Data provided —
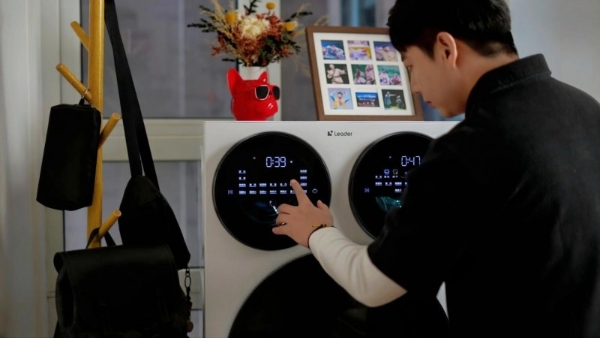 别人标尺刚落地，统帅用户已入手！青年演员毕彤辉分享懒人洗家族体验 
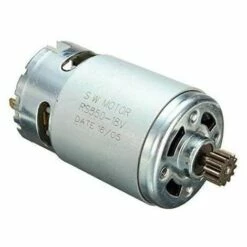 THSINDE 12 Zähne Elektrogetriebemotor R550 -18V -Motoren für Gartenwerkzeug Verkäufe 64847360 4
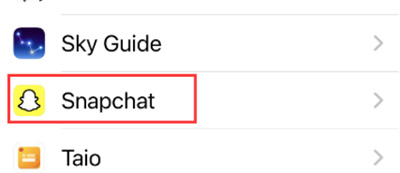 Snapchat怎么切換語言至中文
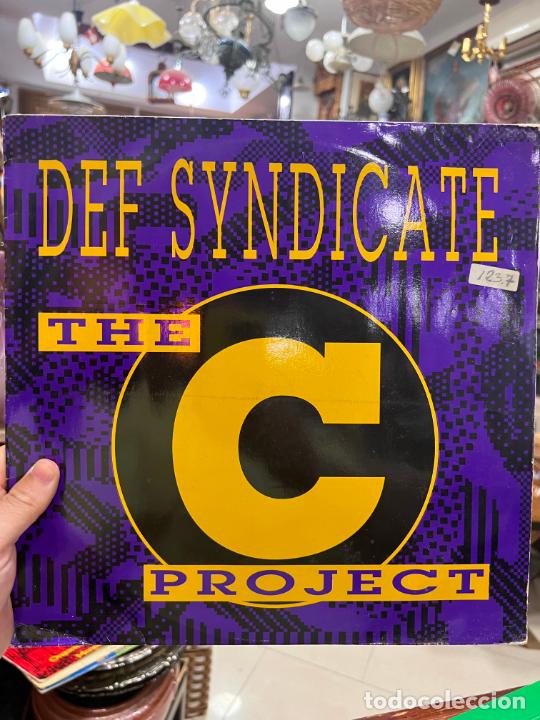 Discos de vinilo: LP DEF SYNDICATE - THE PROJECT - Foto 1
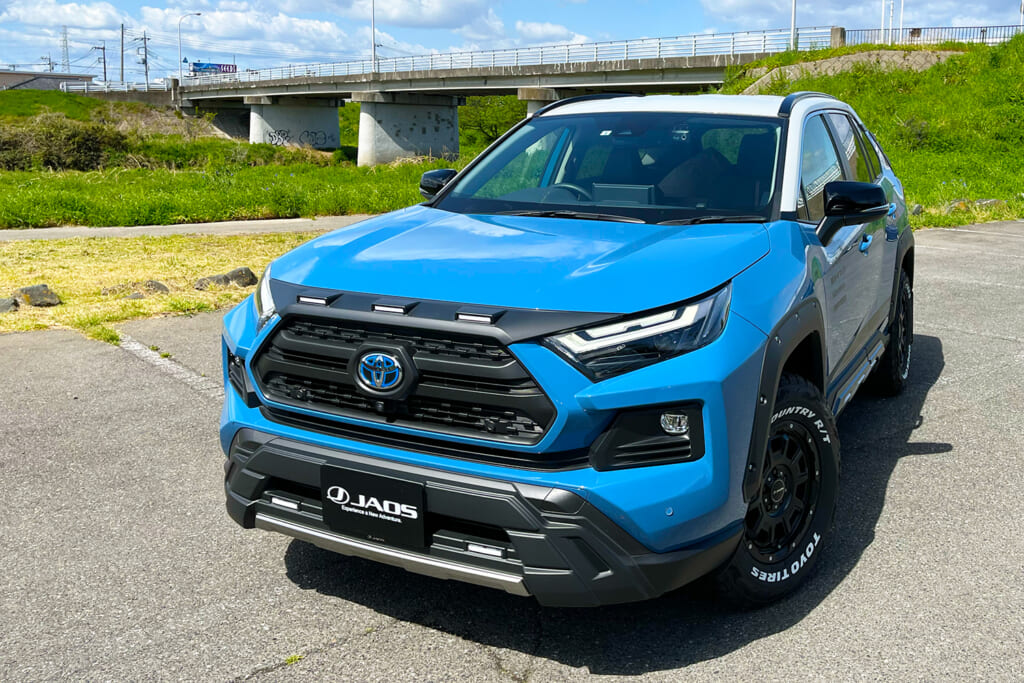 ジャオスRAV4のフロントスタイル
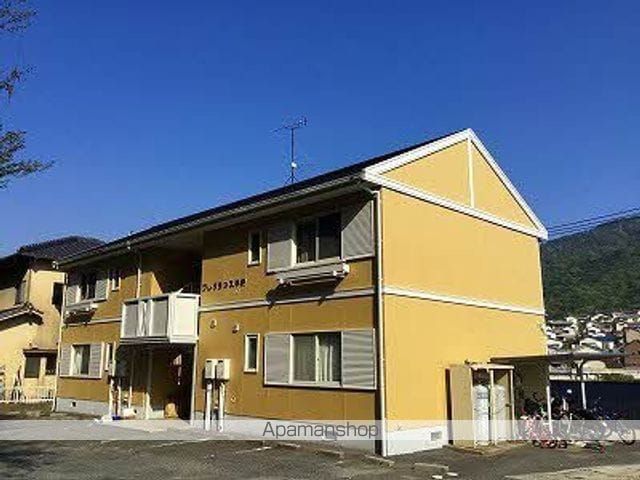 フレグランス中井の外観写真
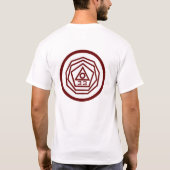 Tal der schottischen Ritus-Maurer T-Shirt (Rückseite)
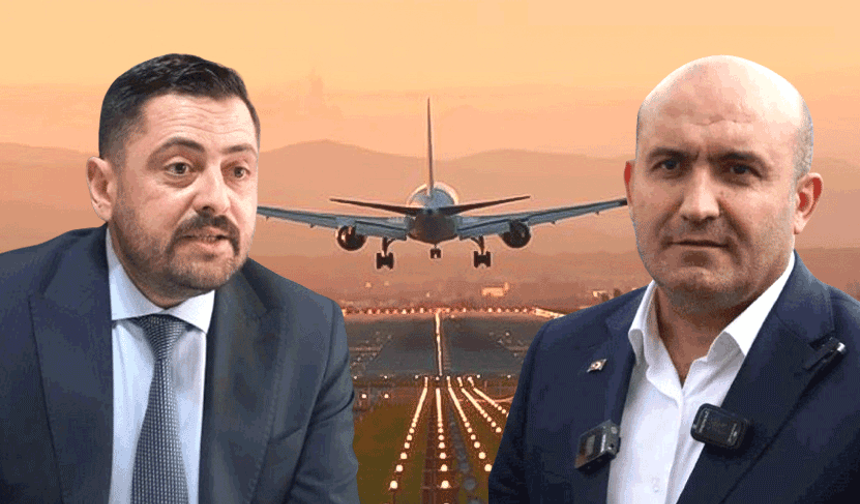 Ulucan’dan Albayrak’a: İlçe yollarını tamamlayamadınız nasıl tarifeli uçak seferi getireceksiniz?
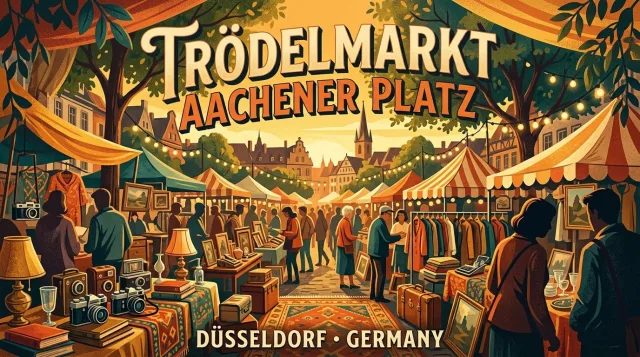 Trödelmarkt Aachener Platz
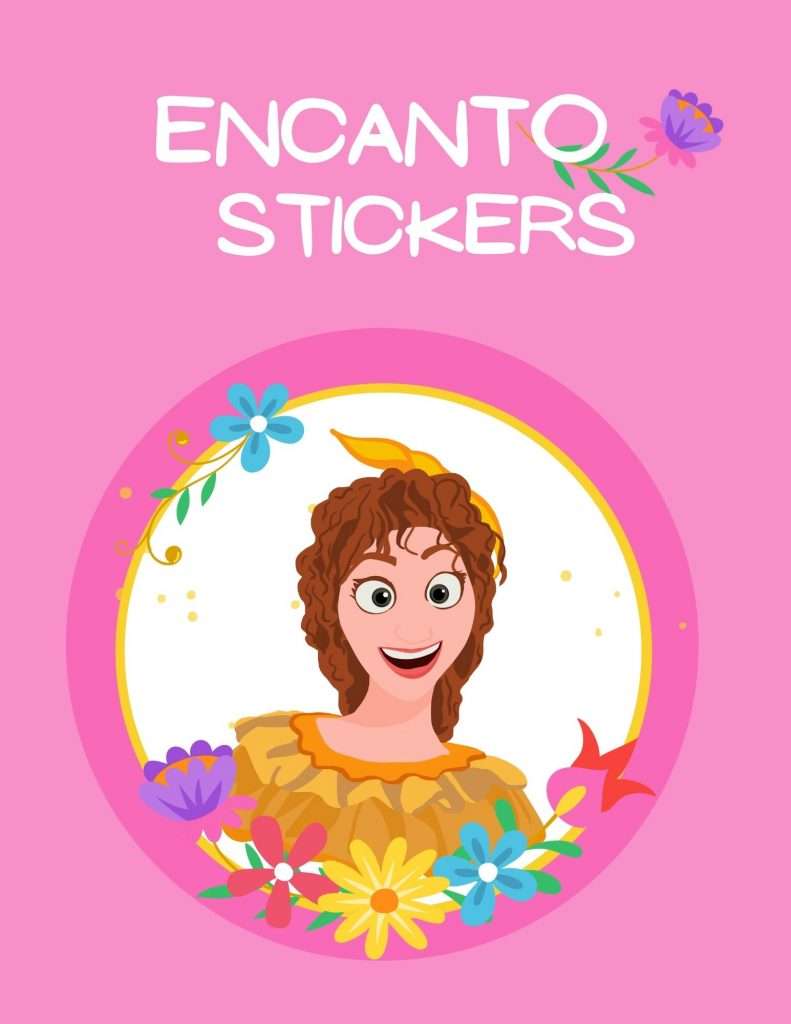 Disney Encanto Cupcake Toppers 4 disney encanto cupcake toppers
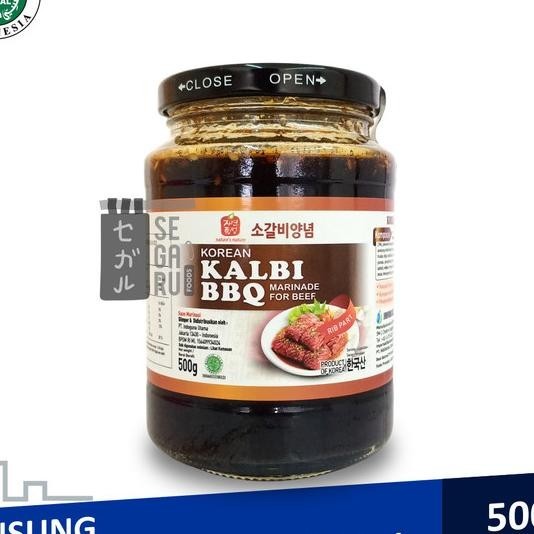 

Jinsung Korean Kalbi Bbq Sauce Halal 500 Gram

Work order — Write the material above out again exactly as it reads, but don't carry over the pictures.

Task response —
 别人标尺刚落地，统帅用户已入手！青年演员毕彤辉分享懒人洗家族体验 
 THSINDE 12 Zähne Elektrogetriebemotor R550 -18V -Motoren für Gartenwerkzeug Verkäufe 64847360 4
 Snapchat怎么切換語言至中文
 Discos de vinilo: LP DEF SYNDICATE - THE PROJECT - Foto 1
 ジャオスRAV4のフロントスタイル
 フレグランス中井の外観写真
 Tal der schottischen Ritus-Maurer T-Shirt (Rückseite)
 Ulucan’dan Albayrak’a: İlçe yollarını tamamlayamadınız nasıl tarifeli uçak seferi getireceksiniz?
 Trödelmarkt Aachener Platz
 Disney Encanto Cupcake Toppers 4 disney encanto cupcake toppers

Jinsung Korean Kalbi Bbq Sauce Halal 500 Gram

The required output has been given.